BEGIN
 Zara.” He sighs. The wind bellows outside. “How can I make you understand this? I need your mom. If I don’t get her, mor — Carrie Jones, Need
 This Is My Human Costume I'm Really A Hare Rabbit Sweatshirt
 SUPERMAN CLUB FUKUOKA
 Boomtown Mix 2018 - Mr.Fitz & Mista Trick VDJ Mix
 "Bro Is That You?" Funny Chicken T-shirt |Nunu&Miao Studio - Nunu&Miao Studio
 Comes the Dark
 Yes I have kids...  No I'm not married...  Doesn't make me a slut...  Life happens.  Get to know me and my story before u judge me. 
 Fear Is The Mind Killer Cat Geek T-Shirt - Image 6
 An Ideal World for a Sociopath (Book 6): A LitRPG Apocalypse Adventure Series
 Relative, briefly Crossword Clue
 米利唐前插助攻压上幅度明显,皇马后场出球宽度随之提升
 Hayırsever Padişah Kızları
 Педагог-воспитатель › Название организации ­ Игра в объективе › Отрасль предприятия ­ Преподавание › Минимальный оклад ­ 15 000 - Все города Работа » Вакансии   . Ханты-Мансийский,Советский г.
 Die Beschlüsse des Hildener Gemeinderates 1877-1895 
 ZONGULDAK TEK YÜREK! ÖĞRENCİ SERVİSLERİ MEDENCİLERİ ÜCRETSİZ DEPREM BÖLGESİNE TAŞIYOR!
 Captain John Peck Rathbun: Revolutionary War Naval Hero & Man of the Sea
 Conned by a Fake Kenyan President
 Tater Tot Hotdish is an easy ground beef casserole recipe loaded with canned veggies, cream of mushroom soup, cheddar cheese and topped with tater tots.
END
WHAT THE EXERCISE ASKS: Pull out all lines from the entries above that include the word "make".

TASK RESPONSE:
 Zara.” He sighs. The wind bellows outside. “How can I make you understand this? I need your mom. If I don’t get her, mor — Carrie Jones, Need
 Yes I have kids...  No I'm not married...  Doesn't make me a slut...  Life happens.  Get to know me and my story before u judge me. 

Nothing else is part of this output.